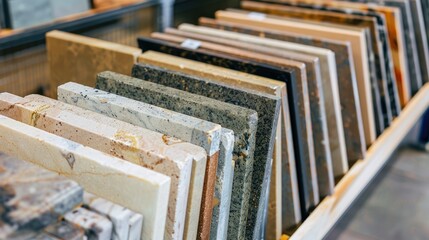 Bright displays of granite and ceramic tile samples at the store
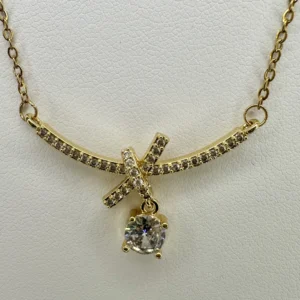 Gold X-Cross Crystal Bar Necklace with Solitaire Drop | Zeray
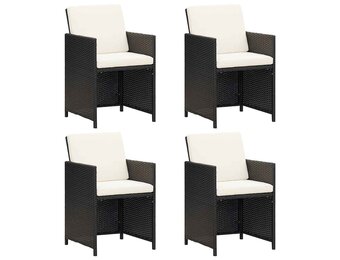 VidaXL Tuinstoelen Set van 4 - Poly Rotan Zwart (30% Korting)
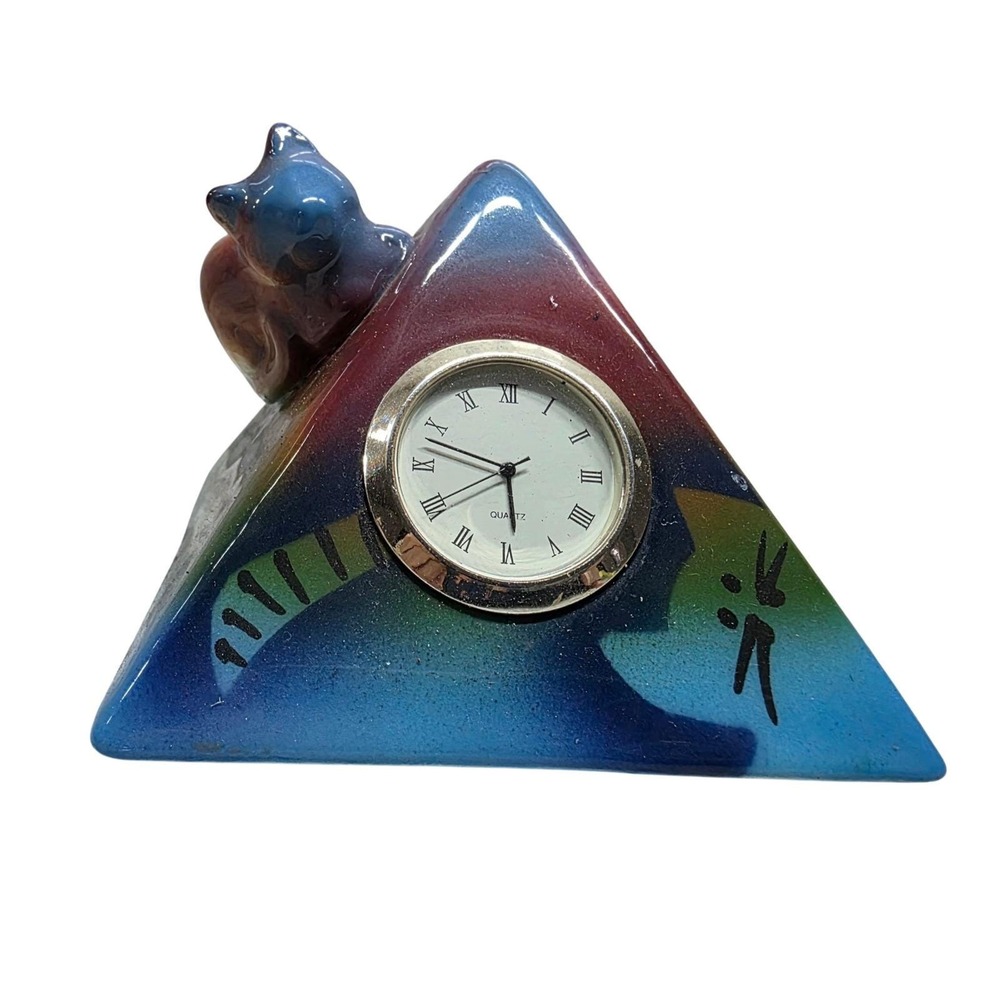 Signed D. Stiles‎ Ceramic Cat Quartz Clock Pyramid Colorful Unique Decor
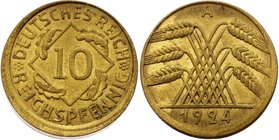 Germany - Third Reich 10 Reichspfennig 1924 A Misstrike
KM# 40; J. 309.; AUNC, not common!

→ WORK TASK
Nothing but the lines from the line with "Signed D. Stiles‎" through the last line of the data above should be printed, exactly as written and without pictures.

→ EXPECTED OUTPUT
 Signed D. Stiles‎ Ceramic Cat Quartz Clock Pyramid Colorful Unique Decor
 Germany - Third Reich 10 Reichspfennig 1924 A Misstrike
KM# 40; J. 309.; AUNC, not common!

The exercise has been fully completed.